Верую в историю, потому что знаю, как она переделывает души. Когда мы, поколение начала века, стояли еще на пороге событий, в наших умах царила гигантская путаница. Была она следствием скрещения двух эпохальных веяний — веяния революции, не затухавшего в России от Радищева до 17-го года, и веяния русского модернизма. Парадоксальную слиянность этих двух стихий жестоко и сильно показал Горький в «Климе Самгине».
Чего только не вмещали пятнадцатилетние головы — социализм и солипсизм, футуристы и проповедь Льва Толстого, Софья Перовская и «Радость, о Радость-Страданье / Боль неизведанных ран...». Нам все не терпелось страдать... То ли в царской тюрьме (еще Герцен в «Былом и думах» заметил, что это подлинно русский склад детских фантазий), то ли совсем на других аренах.

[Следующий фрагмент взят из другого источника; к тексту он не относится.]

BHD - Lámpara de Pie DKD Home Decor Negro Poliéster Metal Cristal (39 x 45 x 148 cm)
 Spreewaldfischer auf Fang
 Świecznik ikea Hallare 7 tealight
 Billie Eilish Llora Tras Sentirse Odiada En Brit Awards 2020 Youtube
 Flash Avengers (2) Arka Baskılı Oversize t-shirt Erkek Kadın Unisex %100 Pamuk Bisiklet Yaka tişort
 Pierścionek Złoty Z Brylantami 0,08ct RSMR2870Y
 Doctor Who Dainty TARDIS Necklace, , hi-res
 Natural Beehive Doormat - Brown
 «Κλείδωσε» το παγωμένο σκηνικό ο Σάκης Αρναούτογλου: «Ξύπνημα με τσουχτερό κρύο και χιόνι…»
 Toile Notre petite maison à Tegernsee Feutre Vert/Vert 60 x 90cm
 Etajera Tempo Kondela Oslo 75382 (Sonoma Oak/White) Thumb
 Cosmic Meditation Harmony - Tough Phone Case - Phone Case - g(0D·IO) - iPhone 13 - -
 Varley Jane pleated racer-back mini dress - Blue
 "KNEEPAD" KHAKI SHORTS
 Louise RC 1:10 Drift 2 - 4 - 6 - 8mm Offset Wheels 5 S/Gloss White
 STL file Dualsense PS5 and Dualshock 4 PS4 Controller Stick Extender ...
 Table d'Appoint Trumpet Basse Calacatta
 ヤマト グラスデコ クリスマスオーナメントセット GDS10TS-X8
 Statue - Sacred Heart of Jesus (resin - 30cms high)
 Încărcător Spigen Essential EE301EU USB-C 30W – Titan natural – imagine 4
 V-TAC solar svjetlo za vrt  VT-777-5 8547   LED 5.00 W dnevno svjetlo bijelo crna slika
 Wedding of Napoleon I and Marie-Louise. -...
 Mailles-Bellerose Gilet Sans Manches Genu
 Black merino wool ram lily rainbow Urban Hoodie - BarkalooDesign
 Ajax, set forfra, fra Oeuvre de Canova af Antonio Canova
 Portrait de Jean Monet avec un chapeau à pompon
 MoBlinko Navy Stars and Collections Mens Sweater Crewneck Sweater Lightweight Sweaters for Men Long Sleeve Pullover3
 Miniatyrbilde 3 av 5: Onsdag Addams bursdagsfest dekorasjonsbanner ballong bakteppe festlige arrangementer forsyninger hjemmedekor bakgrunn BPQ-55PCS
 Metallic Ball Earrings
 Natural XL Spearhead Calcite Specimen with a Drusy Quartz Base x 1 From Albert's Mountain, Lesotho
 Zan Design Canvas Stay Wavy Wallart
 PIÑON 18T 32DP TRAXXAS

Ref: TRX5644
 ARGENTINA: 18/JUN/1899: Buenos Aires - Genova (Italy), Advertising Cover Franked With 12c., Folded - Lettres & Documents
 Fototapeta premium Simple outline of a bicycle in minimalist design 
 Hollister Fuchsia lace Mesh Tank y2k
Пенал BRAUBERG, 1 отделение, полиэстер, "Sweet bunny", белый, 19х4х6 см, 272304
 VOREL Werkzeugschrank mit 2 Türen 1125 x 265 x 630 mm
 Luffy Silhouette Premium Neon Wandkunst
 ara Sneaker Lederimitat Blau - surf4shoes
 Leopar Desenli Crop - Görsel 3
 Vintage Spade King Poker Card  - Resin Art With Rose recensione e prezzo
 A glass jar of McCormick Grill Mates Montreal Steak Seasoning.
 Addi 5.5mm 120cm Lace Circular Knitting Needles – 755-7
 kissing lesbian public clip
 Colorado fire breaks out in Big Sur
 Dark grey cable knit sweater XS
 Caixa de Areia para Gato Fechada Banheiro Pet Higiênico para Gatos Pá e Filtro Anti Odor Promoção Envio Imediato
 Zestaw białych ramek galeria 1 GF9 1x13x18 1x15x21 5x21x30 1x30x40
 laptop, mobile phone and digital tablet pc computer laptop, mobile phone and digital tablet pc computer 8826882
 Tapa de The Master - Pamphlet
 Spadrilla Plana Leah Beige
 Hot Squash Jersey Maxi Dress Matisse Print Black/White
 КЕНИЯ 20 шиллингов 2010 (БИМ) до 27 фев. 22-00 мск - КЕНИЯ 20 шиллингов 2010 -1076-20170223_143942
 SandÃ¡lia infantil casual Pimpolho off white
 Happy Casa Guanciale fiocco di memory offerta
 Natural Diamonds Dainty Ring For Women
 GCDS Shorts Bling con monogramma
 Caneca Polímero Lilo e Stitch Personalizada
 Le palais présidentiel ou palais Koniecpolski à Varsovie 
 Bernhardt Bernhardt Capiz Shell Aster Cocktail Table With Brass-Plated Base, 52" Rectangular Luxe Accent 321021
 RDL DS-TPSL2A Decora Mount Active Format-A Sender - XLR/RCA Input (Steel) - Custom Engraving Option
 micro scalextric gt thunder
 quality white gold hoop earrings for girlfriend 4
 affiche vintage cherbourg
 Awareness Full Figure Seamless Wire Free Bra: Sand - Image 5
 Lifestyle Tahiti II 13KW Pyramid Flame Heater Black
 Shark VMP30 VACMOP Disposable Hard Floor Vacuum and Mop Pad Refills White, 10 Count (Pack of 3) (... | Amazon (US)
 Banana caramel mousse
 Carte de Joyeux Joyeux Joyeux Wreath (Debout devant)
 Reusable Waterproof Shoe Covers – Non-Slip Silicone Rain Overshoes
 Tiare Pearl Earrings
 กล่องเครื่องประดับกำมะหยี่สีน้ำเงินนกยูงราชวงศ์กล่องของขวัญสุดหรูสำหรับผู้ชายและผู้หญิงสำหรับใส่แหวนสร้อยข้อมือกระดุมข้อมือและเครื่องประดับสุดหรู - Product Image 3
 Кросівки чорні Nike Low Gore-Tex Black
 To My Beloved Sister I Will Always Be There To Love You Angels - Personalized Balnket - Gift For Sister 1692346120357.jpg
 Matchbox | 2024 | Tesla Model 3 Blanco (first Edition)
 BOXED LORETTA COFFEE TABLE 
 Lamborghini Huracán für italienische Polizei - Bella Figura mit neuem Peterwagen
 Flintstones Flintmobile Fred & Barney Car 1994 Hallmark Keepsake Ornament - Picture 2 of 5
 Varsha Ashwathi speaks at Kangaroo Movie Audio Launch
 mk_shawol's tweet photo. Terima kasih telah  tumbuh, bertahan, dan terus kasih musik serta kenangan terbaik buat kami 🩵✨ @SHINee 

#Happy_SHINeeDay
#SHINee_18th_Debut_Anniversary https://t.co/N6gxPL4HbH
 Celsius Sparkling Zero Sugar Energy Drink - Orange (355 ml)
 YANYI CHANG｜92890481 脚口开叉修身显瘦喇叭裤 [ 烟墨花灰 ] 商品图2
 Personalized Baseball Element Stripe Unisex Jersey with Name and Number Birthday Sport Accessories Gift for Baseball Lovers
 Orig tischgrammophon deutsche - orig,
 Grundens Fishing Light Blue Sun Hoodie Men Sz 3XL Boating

Сочинения Фрейда — это был справочник, в котором умудренные мыслью подростки 10-х годов выбирали себе будущую трагедию. Клинические комплексы венских буржуа в сознании русского интеллигента (по Блоку, он тогда истекал еще клюквенным соком) волшебно преображались в идейные комплексы, в идеологию, например, принципиально неутоляемой жажды. Несколько позднее мы узнали из Пруста, что жажда неутолима, потому что интеллектуальна.
О, какими ветрами все это замело! В частности, интерес к себе, который у меня, например, иссяк окончательно к тридцати годам.
Заменяя задуманную трагедию другой, ничуть на нее не похожей, история дотла изменяла человека.
Нужно ли путешествовать?
Здесь мы услышали слово «сервис», что означает — обслуживание.
Ильф и Петров
По утрам с террасы вид на
По утрам особенно неотвязен мираж другого моря. Моря моей юности. Сохнущие на ветру переметы и неповоротливые шаланды; на дне хлюпает вода, и в ней еще дышит и шевелится рыба. Сладостный крен парусного бота — одно из самых пронзительных ощущений, доступных человеку. Символика просмоленного каната, весла, покачивающегося на плече, пока несущий весло перебирает босыми ногами горячие камни берега. Рыбаки, говорящие «сидайте» и в лютый зной угощающие самогоном и помидором.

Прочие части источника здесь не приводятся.